Karen Bass, maire de Los Angeles, a officiellement demandé au gouvernement fédéral de clarifier sa politique de sécurité et d’immigration , Mercredi 28 janvier . Cette sortie intervient dans un climat de vive tension nationale, après la mort de deux citoyens américains abattus par des agents fédéraux lors d’opérations anti-immigration à Minneapolis.
Alors que les États-Unis s’apprêtent à accueillir, conjointement avec le Canada et le Mexique, la plus grande compétition sportive de la planète, l’image de « terre d’accueil » du pays est sérieusement ébranlée. Los Angeles, qui doit recevoir la majorité des rencontres clés sur son sol, se retrouve en première ligne d’une crise qui dépasse le simple cadre du sport.
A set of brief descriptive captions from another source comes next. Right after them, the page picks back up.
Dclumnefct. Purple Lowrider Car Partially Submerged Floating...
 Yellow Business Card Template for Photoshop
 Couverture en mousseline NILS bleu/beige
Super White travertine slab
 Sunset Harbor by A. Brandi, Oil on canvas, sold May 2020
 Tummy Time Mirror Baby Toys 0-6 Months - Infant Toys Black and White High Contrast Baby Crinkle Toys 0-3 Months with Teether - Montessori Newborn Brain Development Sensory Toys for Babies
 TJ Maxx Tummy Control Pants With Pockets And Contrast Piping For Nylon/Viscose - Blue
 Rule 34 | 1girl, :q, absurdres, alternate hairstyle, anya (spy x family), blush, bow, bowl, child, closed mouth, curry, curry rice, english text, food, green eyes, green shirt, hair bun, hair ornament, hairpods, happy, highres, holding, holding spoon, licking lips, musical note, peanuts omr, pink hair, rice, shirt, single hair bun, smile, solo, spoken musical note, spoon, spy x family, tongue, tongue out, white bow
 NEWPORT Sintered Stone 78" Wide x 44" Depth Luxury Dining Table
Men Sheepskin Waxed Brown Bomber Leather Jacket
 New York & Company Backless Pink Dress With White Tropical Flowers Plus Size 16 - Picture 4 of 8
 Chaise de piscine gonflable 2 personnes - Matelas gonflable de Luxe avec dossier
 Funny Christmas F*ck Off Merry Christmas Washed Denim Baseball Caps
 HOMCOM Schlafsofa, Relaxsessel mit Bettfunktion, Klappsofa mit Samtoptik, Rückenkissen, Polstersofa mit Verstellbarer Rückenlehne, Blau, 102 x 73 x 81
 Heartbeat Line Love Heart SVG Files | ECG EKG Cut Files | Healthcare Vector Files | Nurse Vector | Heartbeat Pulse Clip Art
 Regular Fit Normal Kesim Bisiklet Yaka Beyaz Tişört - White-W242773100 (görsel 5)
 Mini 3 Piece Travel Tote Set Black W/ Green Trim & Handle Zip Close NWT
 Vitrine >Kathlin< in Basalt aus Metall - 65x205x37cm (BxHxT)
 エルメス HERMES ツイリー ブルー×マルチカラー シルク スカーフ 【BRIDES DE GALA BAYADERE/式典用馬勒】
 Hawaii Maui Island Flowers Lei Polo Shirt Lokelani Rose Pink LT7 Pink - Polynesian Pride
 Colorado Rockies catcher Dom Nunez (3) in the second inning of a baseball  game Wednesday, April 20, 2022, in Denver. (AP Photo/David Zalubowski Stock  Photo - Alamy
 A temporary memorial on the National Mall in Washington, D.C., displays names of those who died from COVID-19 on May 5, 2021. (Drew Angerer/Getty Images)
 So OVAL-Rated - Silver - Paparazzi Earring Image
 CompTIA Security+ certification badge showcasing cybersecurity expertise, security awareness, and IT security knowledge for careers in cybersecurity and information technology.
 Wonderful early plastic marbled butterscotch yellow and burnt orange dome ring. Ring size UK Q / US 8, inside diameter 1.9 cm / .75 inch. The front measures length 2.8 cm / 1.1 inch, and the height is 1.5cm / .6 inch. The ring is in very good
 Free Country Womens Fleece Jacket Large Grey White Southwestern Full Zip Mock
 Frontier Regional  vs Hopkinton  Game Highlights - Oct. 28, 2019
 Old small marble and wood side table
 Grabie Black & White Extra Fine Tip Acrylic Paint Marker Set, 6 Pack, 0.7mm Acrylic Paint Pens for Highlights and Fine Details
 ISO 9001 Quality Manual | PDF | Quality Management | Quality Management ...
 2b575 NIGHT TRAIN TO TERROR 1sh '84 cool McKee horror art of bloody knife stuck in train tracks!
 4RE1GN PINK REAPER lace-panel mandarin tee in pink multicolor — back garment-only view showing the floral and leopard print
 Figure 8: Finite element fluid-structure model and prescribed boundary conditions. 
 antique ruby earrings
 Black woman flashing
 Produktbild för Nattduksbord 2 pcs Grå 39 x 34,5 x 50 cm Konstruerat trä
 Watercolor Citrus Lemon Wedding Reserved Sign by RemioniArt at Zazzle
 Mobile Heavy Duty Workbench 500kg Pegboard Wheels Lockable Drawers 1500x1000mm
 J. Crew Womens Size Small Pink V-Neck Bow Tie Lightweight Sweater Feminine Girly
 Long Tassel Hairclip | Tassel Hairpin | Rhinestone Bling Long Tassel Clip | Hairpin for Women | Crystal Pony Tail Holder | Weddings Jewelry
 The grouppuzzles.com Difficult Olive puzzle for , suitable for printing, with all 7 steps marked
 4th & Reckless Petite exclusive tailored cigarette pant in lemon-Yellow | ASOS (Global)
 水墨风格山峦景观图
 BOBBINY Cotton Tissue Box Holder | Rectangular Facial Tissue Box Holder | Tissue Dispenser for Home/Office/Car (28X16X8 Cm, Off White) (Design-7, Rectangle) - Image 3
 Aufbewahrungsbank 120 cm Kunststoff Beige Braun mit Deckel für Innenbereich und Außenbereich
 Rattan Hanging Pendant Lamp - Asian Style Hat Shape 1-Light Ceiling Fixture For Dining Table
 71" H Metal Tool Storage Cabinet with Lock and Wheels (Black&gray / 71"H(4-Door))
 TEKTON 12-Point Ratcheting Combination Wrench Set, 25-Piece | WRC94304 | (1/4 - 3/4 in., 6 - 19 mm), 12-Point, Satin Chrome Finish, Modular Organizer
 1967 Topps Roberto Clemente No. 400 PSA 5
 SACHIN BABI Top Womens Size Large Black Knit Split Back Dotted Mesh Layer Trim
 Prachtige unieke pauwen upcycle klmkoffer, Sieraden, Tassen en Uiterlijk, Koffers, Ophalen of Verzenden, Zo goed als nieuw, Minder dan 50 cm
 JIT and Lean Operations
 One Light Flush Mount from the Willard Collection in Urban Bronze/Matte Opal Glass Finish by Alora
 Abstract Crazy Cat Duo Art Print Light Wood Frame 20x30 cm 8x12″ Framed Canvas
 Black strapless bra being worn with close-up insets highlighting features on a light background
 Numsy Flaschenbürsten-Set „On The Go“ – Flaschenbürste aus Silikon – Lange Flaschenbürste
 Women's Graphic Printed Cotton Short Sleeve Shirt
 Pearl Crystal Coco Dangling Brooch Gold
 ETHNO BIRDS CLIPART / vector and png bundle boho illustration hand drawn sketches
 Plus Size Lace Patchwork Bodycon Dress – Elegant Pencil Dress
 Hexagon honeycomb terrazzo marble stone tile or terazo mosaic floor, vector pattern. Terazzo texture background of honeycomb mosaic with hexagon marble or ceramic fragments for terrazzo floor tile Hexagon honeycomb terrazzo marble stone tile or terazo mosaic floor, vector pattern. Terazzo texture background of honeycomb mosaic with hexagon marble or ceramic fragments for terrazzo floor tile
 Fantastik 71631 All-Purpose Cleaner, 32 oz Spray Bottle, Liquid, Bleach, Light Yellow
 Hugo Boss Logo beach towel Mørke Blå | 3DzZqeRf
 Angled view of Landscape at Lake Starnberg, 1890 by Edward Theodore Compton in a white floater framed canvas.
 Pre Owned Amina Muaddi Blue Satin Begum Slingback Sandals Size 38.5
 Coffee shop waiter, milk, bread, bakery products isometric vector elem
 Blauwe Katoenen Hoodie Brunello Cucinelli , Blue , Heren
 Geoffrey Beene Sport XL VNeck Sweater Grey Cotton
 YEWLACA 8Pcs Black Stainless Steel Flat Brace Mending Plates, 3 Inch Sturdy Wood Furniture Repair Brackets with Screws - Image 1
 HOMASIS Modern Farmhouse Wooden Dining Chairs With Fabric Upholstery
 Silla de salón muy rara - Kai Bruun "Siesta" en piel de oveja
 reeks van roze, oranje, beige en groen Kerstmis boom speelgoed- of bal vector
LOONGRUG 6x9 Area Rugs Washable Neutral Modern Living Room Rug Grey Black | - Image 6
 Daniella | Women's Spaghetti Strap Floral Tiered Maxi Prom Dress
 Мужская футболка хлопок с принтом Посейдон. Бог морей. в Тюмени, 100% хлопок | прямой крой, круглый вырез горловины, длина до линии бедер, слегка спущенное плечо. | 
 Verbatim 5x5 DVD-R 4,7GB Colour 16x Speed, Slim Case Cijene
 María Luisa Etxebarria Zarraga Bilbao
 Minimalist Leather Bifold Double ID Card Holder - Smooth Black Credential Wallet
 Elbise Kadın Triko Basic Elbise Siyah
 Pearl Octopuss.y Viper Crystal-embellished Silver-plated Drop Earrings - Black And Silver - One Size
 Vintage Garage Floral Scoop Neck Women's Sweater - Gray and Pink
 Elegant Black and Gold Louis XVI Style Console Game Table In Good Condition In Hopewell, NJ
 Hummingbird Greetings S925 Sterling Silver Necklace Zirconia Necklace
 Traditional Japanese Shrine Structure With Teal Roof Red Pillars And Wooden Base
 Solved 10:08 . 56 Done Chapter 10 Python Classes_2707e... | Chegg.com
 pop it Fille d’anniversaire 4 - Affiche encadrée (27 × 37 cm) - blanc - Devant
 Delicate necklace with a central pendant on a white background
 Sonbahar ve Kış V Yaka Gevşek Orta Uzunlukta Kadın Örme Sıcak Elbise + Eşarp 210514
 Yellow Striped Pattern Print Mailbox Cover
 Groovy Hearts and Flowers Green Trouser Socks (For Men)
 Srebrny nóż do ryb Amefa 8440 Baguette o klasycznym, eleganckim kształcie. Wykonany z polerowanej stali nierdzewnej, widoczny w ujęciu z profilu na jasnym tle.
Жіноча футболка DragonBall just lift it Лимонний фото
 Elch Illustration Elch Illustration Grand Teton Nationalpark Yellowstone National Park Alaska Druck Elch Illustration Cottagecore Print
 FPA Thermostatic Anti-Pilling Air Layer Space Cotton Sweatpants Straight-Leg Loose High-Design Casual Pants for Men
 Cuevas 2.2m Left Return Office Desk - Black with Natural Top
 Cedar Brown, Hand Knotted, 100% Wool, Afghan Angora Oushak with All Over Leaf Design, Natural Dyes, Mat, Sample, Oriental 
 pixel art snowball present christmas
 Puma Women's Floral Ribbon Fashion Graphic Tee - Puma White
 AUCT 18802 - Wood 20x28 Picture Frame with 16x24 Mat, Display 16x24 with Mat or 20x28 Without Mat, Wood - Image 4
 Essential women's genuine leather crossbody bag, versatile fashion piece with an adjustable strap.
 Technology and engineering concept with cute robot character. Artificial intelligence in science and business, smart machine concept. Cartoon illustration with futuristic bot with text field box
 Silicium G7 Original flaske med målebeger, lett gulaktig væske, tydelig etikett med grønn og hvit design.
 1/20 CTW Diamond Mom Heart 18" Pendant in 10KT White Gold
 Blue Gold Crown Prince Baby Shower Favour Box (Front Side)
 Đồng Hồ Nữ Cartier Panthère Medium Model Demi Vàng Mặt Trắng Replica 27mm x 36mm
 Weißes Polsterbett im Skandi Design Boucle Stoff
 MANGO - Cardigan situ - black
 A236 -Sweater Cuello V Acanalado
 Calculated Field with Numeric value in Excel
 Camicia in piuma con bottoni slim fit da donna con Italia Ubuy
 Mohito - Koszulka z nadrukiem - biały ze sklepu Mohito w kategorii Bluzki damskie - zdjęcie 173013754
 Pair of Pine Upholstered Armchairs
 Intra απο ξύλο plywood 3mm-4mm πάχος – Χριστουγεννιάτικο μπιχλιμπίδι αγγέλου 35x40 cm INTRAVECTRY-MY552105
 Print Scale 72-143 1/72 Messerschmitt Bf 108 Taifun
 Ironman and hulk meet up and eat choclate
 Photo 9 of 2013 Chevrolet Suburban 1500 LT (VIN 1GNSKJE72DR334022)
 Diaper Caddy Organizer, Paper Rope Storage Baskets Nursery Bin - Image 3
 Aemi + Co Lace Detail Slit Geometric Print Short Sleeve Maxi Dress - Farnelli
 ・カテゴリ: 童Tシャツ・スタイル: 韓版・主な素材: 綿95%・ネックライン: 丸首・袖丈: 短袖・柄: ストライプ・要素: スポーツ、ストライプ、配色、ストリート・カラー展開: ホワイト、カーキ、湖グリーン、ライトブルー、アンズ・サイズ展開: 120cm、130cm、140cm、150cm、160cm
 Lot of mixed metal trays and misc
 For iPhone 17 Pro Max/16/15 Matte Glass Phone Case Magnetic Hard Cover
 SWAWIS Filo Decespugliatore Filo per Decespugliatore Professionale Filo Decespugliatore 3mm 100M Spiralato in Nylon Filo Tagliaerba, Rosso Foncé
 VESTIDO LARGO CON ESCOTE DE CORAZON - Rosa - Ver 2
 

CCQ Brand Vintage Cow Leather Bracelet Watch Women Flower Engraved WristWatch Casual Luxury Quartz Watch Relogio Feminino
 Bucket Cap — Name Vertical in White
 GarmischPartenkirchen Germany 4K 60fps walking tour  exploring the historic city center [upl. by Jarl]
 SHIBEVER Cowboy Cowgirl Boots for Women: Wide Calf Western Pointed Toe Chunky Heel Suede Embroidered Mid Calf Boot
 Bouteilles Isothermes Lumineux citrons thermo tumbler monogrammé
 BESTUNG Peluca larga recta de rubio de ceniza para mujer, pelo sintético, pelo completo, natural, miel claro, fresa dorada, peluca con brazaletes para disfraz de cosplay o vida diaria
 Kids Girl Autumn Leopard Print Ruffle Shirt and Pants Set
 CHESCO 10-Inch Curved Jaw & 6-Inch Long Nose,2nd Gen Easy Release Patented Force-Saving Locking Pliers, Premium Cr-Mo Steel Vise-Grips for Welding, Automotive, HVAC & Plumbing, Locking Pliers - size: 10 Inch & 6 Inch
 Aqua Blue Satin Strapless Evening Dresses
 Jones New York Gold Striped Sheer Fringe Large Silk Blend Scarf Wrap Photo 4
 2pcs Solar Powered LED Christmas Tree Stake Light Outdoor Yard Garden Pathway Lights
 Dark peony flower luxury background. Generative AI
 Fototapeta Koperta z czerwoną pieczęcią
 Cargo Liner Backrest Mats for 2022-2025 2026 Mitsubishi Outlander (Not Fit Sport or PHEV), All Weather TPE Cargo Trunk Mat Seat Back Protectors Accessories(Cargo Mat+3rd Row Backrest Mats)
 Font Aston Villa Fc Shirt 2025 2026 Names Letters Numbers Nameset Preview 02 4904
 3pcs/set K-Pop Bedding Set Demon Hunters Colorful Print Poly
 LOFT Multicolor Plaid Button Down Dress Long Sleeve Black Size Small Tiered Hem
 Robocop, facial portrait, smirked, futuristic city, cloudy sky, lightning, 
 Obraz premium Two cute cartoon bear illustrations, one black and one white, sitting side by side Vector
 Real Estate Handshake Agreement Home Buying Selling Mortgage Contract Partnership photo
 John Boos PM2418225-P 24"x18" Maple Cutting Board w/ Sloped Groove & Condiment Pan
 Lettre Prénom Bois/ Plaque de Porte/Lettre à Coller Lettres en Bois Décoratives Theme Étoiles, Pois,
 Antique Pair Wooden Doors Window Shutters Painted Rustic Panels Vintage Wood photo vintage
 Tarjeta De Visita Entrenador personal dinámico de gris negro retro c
Le déclencheur de cette mise en garde est le drame survenu à Minneapolis plus tôt ce mois-ci. Lors d’interventions musclées menées par des agents de l’ICE (Immigration and Customs Enforcement), deux citoyens américains, Renee Good et Alex Pretti, ont perdu la vie. Ces bavures, survenues dans le cadre d’une intensification des opérations de contrôle migratoire, ont suscité une vague d’indignation internationale.
Pour Karen Bass, le risque est désormais de voir les supporters étrangers — essentiels au succès économique et populaire de l’événement — renoncer à leur voyage par crainte des contrôles excessifs ou d’un climat sécuritaire imprévisible.
« Nous devons montrer un meilleur visage au monde. Nous devons garantir que les visiteurs ne rencontreront pas de problèmes liés à l’immigration », a martelé la maire lors d’une intervention publique. « Le message doit venir de la Maison Blanche : les supporters sont les bienvenus et ils seront en sécurité. »
Si le tournoi est tripartite, les États-Unis demeurent le moteur logistique du projet. À Los Angeles, ville « sanctuaire » par excellence, le contraste est saisissant entre l’effervescence des préparatifs et la méfiance envers les forces fédérales.
Le secteur du tourisme s’inquiète également. Avec des prix de location en hausse de plus de 50 % et une demande de visas déjà saturée, une crise de confiance pourrait transformer la fête attendue en un « bide » diplomatique. Les fédérations étrangères, notamment européennes et latino-américaines, surveillent de près l’évolution de la situation, certaines voix évoquant même des craintes pour la libre circulation des fans.
La pression exercée par la mairie de Los Angeles place l’administration Trump dans une position délicate. Entre sa volonté d’afficher la puissance américaine à travers le Mondial et sa politique de fermeté migratoire « sans précédent », la marge de manœuvre est étroite.